Hugo Claus, le miracle de l’écriture
Jean-Luc OUTERS, Hugo CLAUS, De courte mémoire – Waar het geheugen ophoudt, trad. Hilde Keteleer, La Pierre d’Alun, 2011
Ce cinquante-huitième titre de la collection de la Pierre d’Alun, avec des dessins à l’encre aux fins traits qu’Hugo Claus esquissa à la fin de sa vie, est un émouvant hommage au grand écrivain flamand Hugo Claus rendu par Jean-Luc Outers, qui dirigea durant de nombreuses années le service de la Promotion des lettres de la Communauté française. Tout un symbole. Comme le fait qu’il sorte en édition bilingue.
De courte mémoire est aussi et surtout l’hommage d’un écrivain à un autre écrivain et cela transparaît dans l’écriture, simple, mélodieuse, tout en retenue, qui ouvre des espaces à des silences bienvenus. « Écrivain, il n’avait cessé, dès le réveil, de chercher les mots et de les agencer mais cette quête s’apparentait à une cueillette de fleurs sauvages où le surgissement hasardeux d’un mot, d’une phrase était une source de joie qui le reliait au monde. Cette peur de rester bloqué, sans inspiration devant sa page, bien sûr, il l’avait éprouvée lui aussi, mais jusque-là il s’était laissé porter par la langue, surpris parfois de voir les mots s’aligner sous sa plume les uns derrière les autres dans une profusion de sens. Chaque jour, il assistait ainsi hébété à ce qu’il appelait le miracle de l’écriture. »

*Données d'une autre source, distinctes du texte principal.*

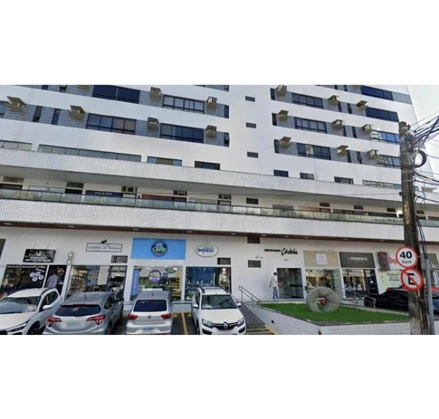 Sala em Recife, Graças, Avenida Conselheiro Rosa e Silva, 670, PE. Área: 30.03m2
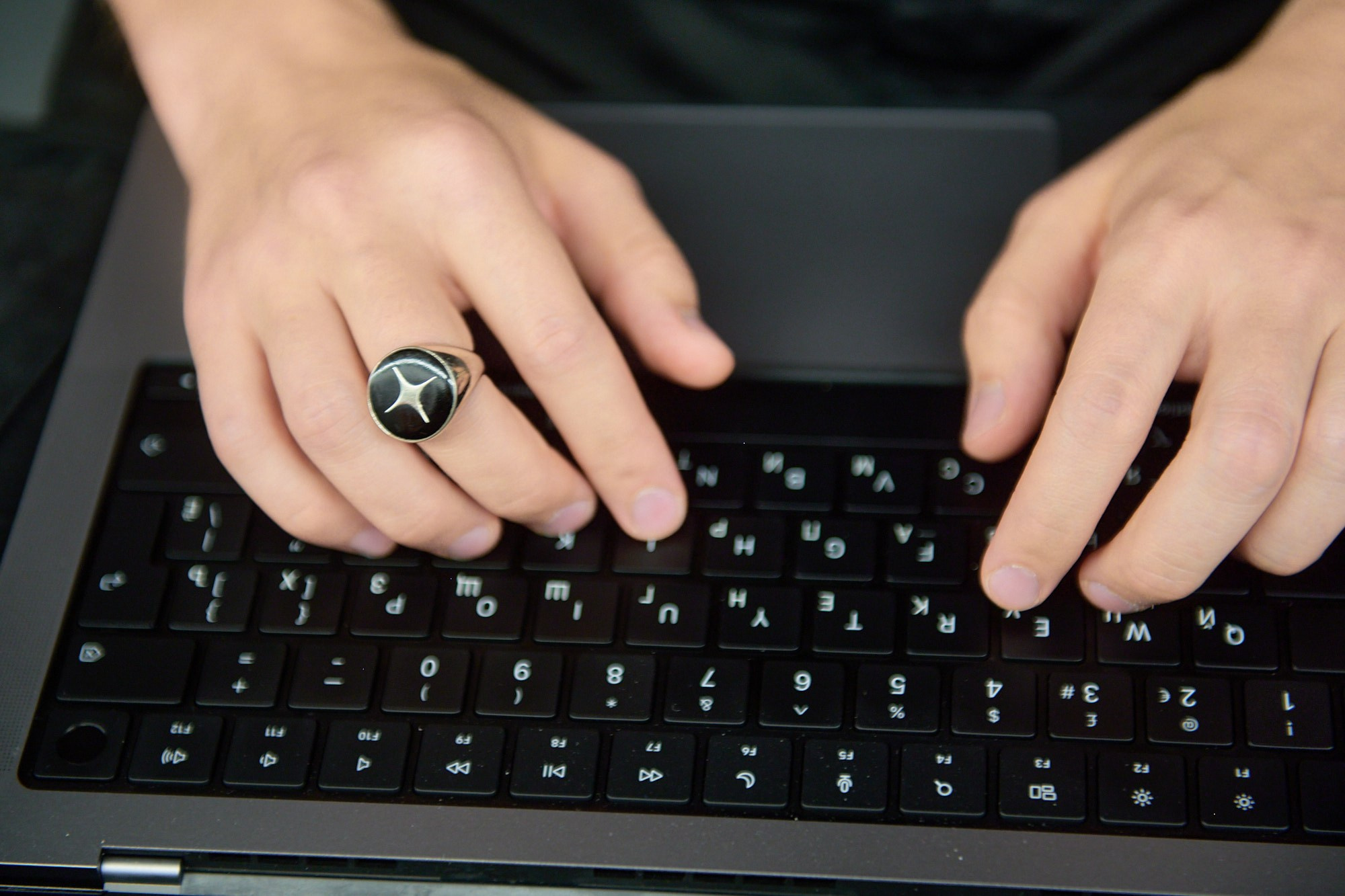 День программиста в Дзене. Репортажный фотограф в Москве Вадим Францев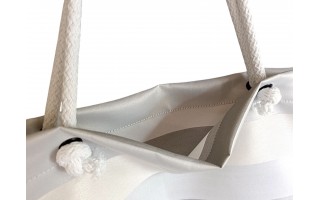 Torba plażowa Milano 007 pasy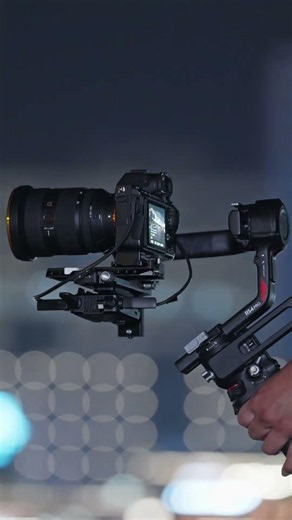 Wie sieht ein echtes Pro-Setup aus?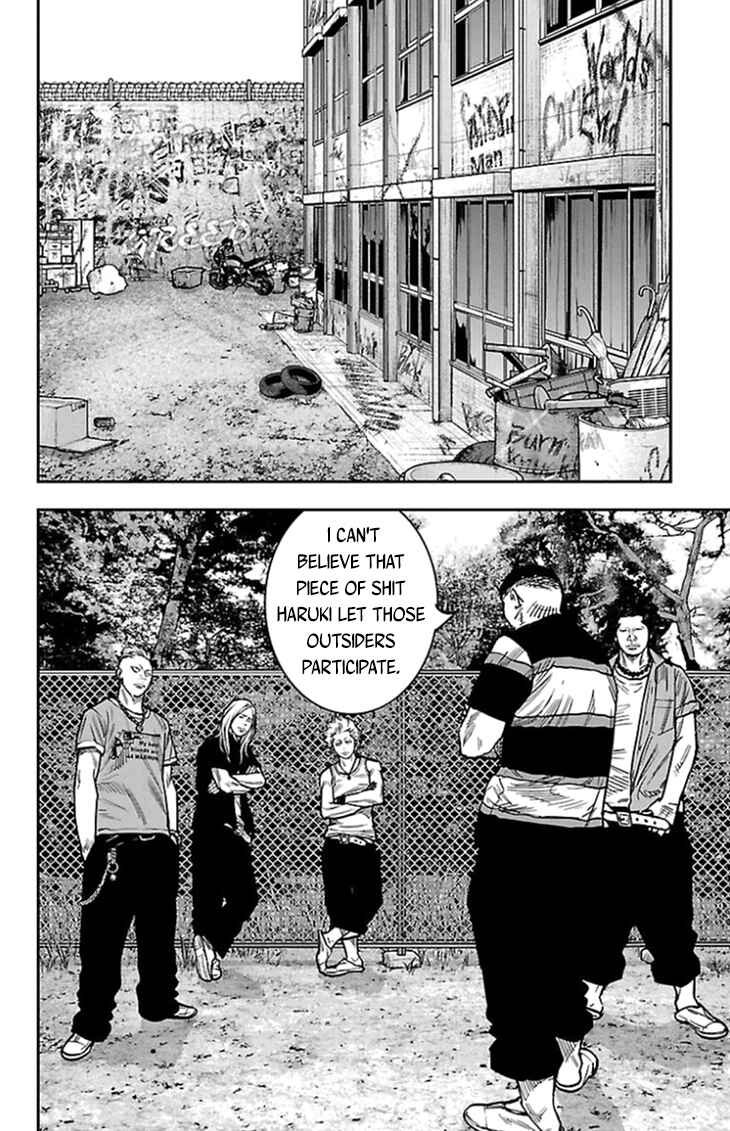 Page 11 Chapter 315 Clover
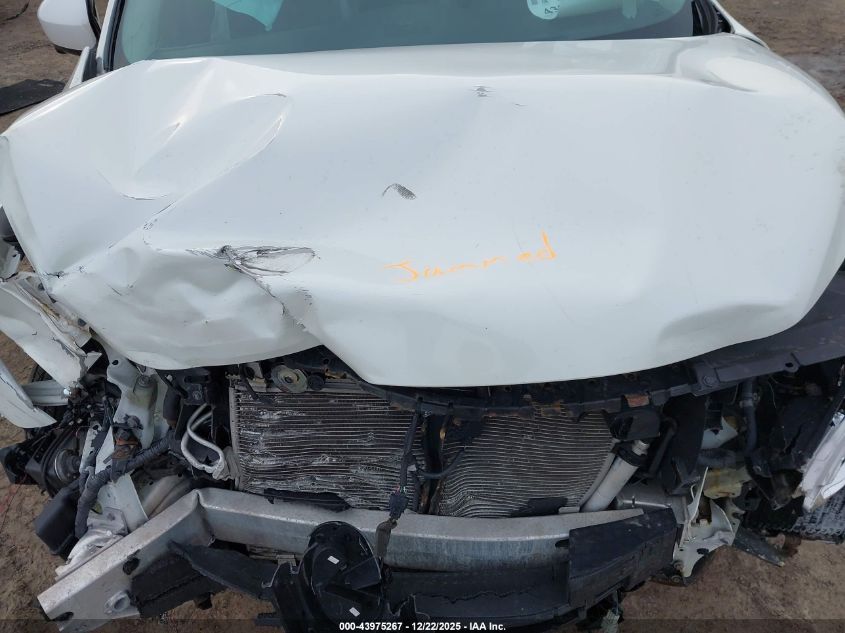 2015 Infiniti Qx60 VIN: 5N1AL0MM9FC549918 Lot: 43975267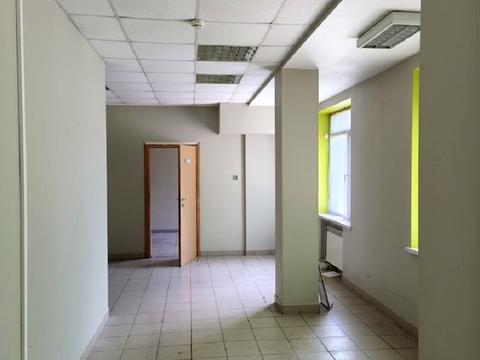 коммерческая по адресу Даниила Щербаковского ул. (Щербакова), 57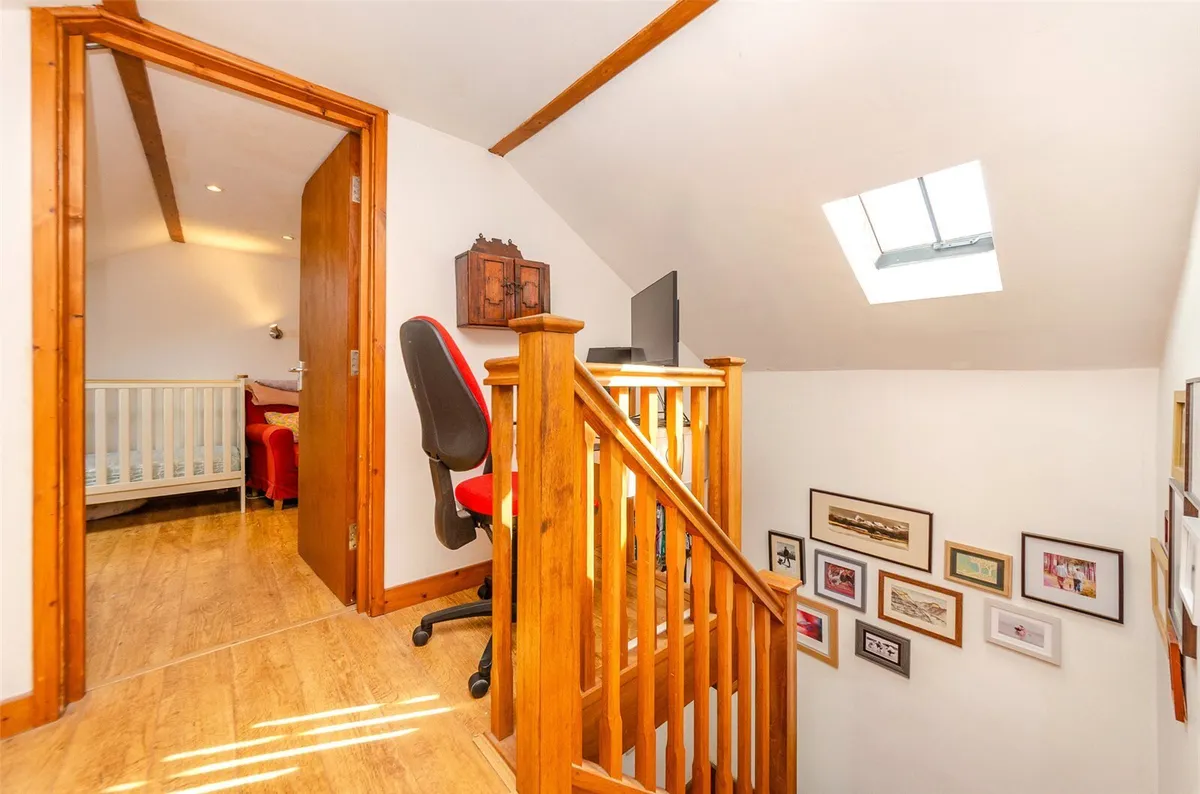Deiniolen, Caernarfon, Gwynedd, LL55
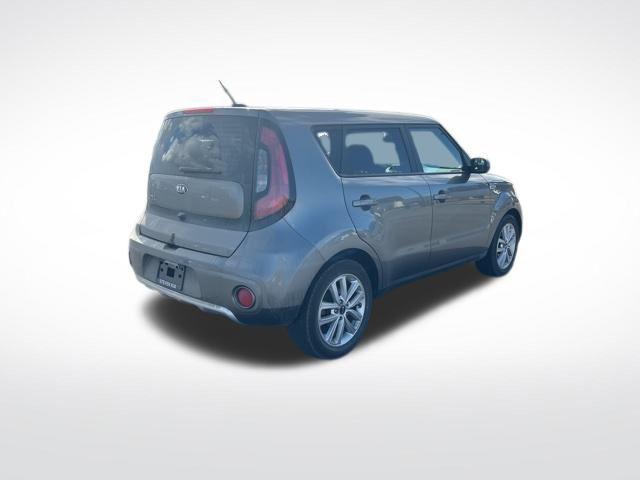 used 2018 Kia Soul car, priced at $9,200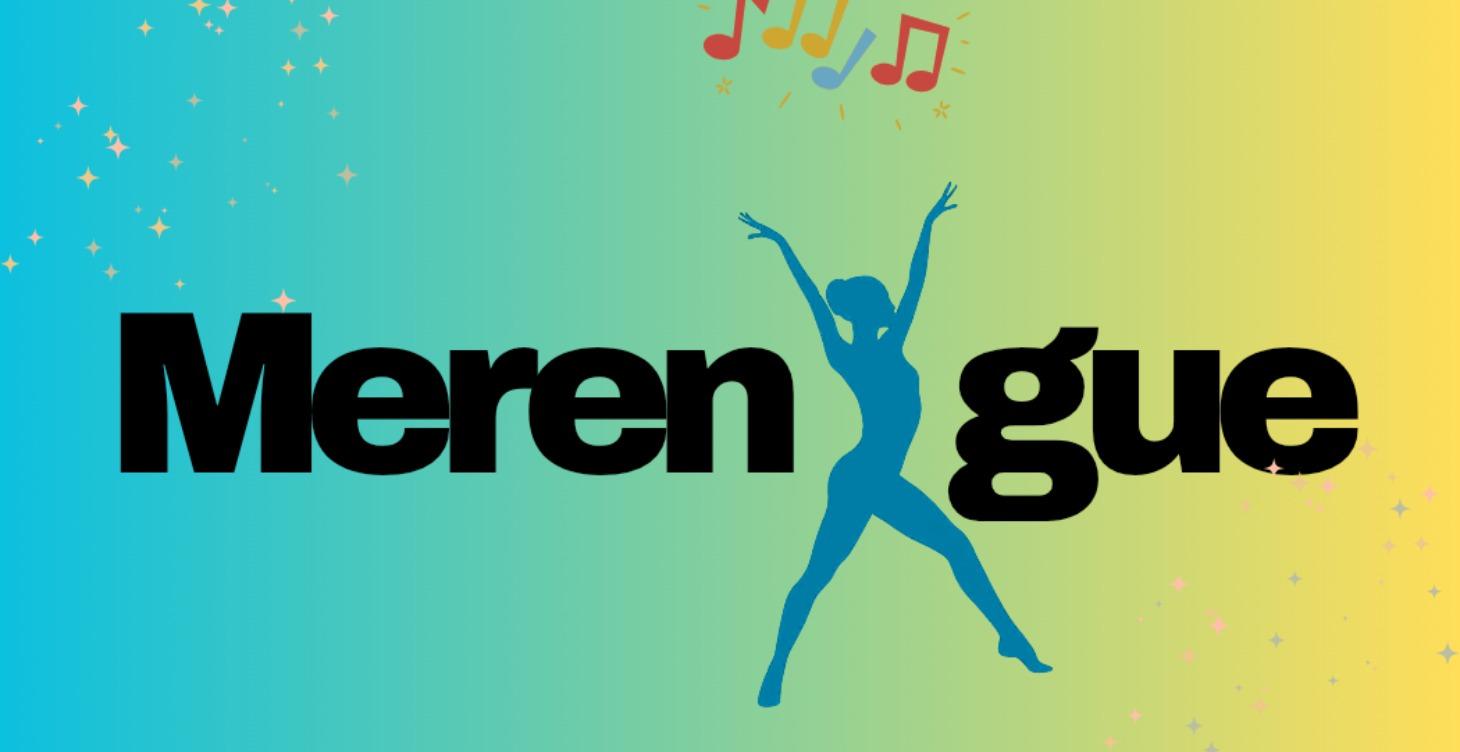 Basic Merengue Steps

Il n’y a pas d’écriture sans un travail sur la mémoire. On ne s’étonnera pas de la découvrir au cœur de ce texte, d’autant que la mort d’Hugo Claus, qui a demandé et obtenu l’euthanasie, voyait celle-ci le déserter, au point de devoir prendre « des chemins de traverse dans les maquis de la mémoire ». Évoquant la cérémonie d’adieu organisée à l’opéra d’Anvers, un beau matin, selon un rituel orchestré par le principal concerné, Jean-Luc Outers revisite avec finesse plusieurs des passions et interrogations parfois courroucées qui ont tissé l’existence de Claus : sa naissance, ses liens à la mère, le pensionnat avec son « odeur de nourriture, d’amidon et de vêtements mouillés », l’amour, excessif par définition, les femmes, la politique, la religion, le mensonge, le corps, l’art en général et la peinture en particulier puisque « dessiner, peindre, il allait le faire jusqu’au dernier jour », la politique et le politique. On sourit de l’évocation du Premier ministre et du cardinal lors de ce rassemblement à la mémoire de celui qui s’en voyait dépossédé. Grâce à Jean-Luc Outers, le lecteur d’Hugo Claus retrouve plusieurs parcelles de « cette mémoire aux ramifications infinies ». Une première version de ce texte a été lue le 5 juin 2008 à l’invitation de de Buren pour Radioboeken, superbe projet qui propose des enregistrements de textes inédits d’auteurs flamands et francophones, comme Caroline Lamarche, Eugène Savitzkaya, Jacques De Decker, Rascal, Thomas Gunzig, etc. On peut donc réécouter ou enregistrer cette version de De courte mémoire, lue par Jean-Luc Outers, sur www.deburen.eu.